The editors started to trickle and call in via Skype. It was almost evenly spread between woman and men which I found to be amazing. Some editors preferred pen and paper, others preferred laptops and a few brought nothing at all, which I thought was strange. Even I, the student, brought a notebook lol. As the meeting began I saw the breakdown was going through the stories and figuring out which one were good, a bust, and which ones needed more “juice.” I learned new terminology such as reader behavior, and how important engaging your audience was. Surprisingly the meeting was short and sweet, and we were lead out to speak with the social media/audience engagement team after.
As we walked down a level to the “hub” as our hosts described it, I saw a stark contrast between the editors and the reporters/journalists. First thing I noticed everyone was cheerful even as they worked. The second important thing I noticed was the floor consisted predominately of female millennials and I felt this wave of empowerment wash over me. We continued on and met with the small social media team which consisted of about 5 people. Our hosts hit a few topics such as audio versions of the WSJ and its podcasts could be streamed via Google Home or Alexa. We also learned how WSJ is aiming to engage a younger demographic through the use of social media specifically Snapchat, and then we were done.

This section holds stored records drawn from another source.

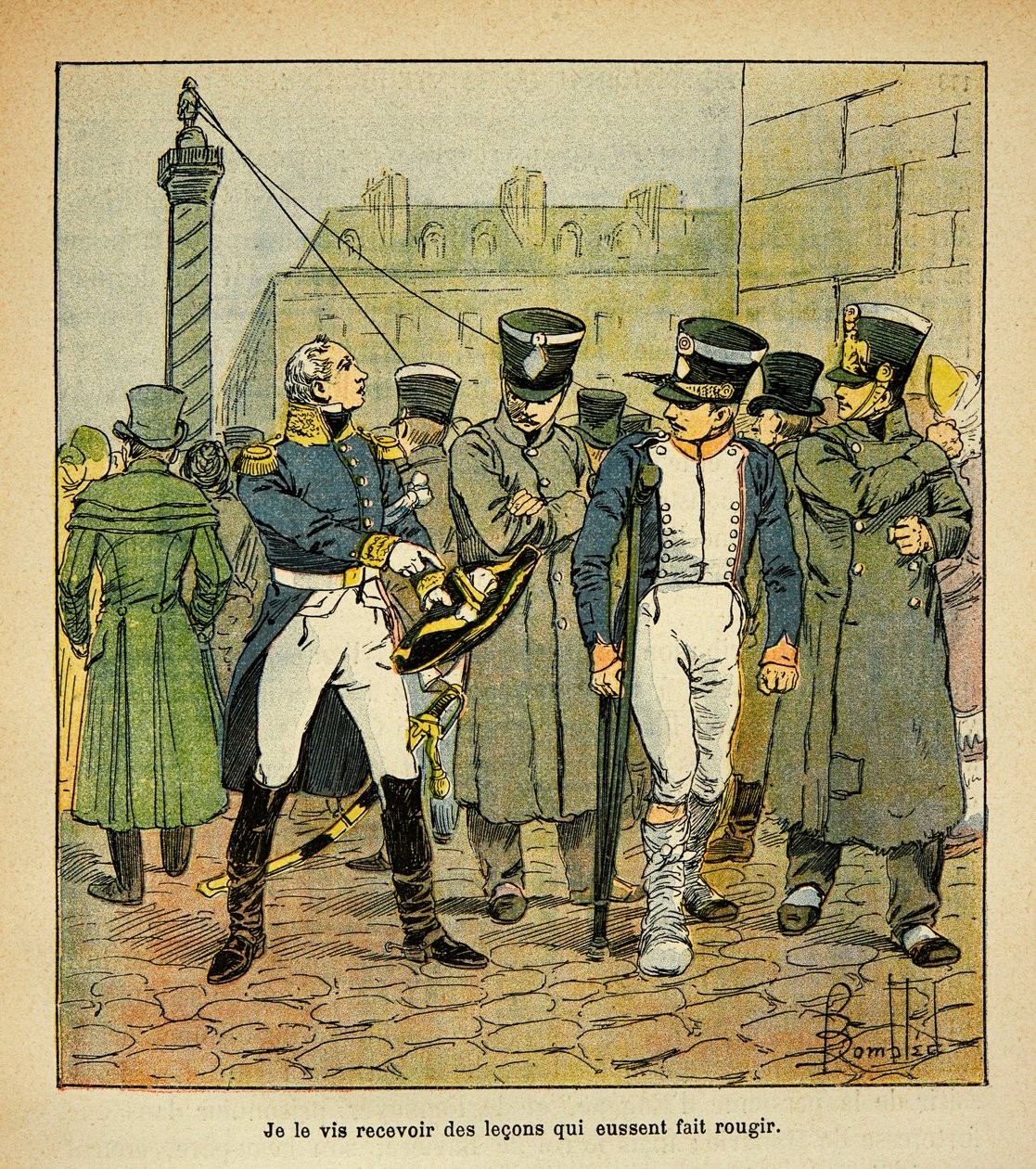 由Bombled Louis（1862-1927）创作的插图，出自Emmanuel de Las Cases伯爵（1766-1842）的《圣赫勒拿纪念》一书。一位拿破仑的前军官在复辟中呼吁前应征者拒绝帝国政权，收藏部分 作者 路易斯·查尔斯·邦布尔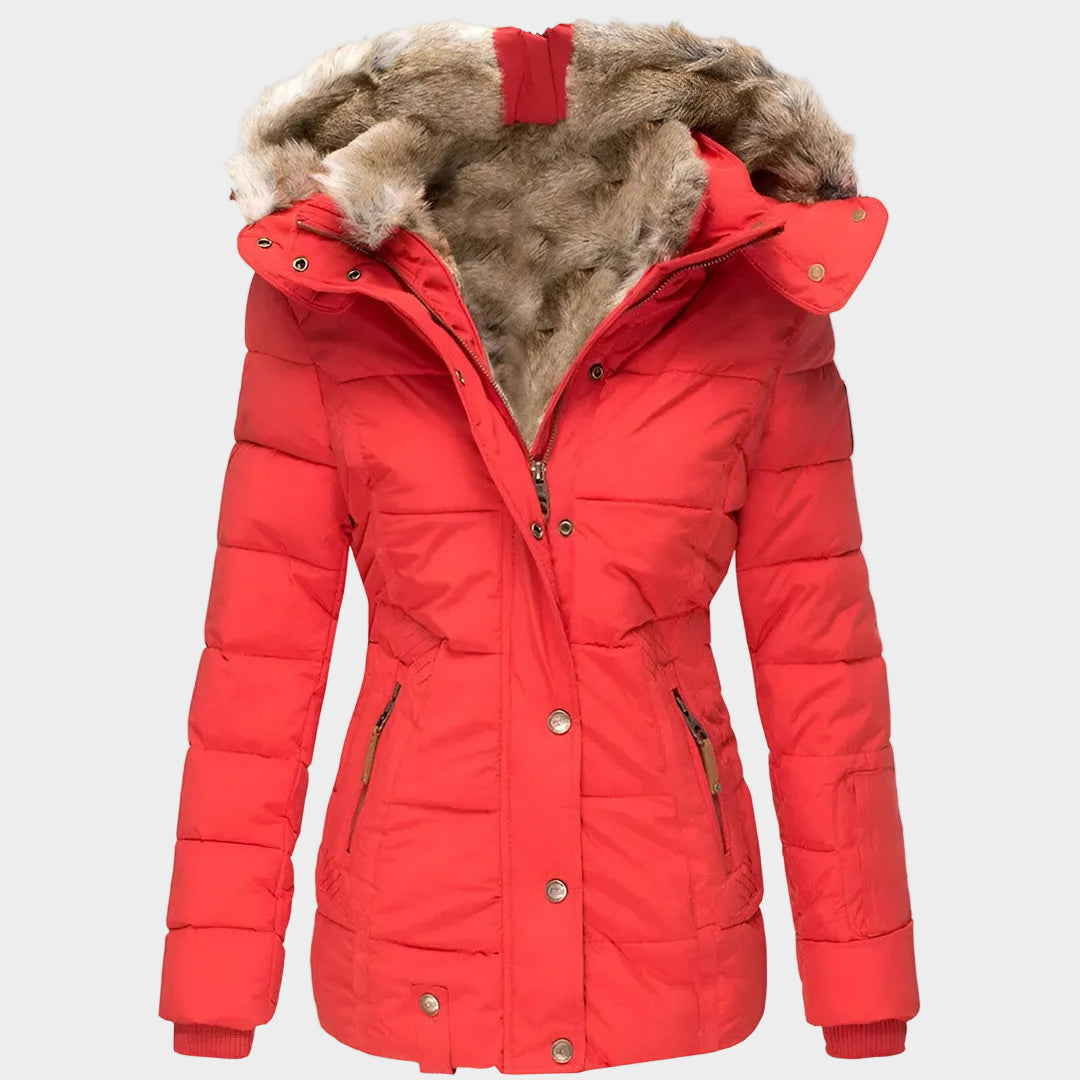 Ladies Down Filled Parka Coat Warm Fur Hooded Jacket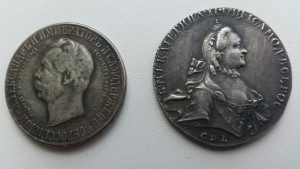 Монеты РУБЛЬ 1763 г. и 1898 г.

I believe the most impacting part of my experience was Erin, who is one of the social media audience engagers, and the person I will never forget. Erin is the statement “I love my job,” in the flesh, literally. It is her kind of happiness, which drives us upcoming creative journalists, producers, directors, screenwriters, filmmakers and so on in this industry to keep fighting for a slot in this media world. Erin’s happiness is the kind that motivates you to keep persisting regardless of what anyone says. I always said I want to work where I’m happy to go into work every single day as long as I know I’m doing something I love. Erin proved that my thought process was true. It was quite obvious that going to work to her everyday was fun, fun and more fun!! Who’d thought a trip to the Wall Street Journal could be so uplifting?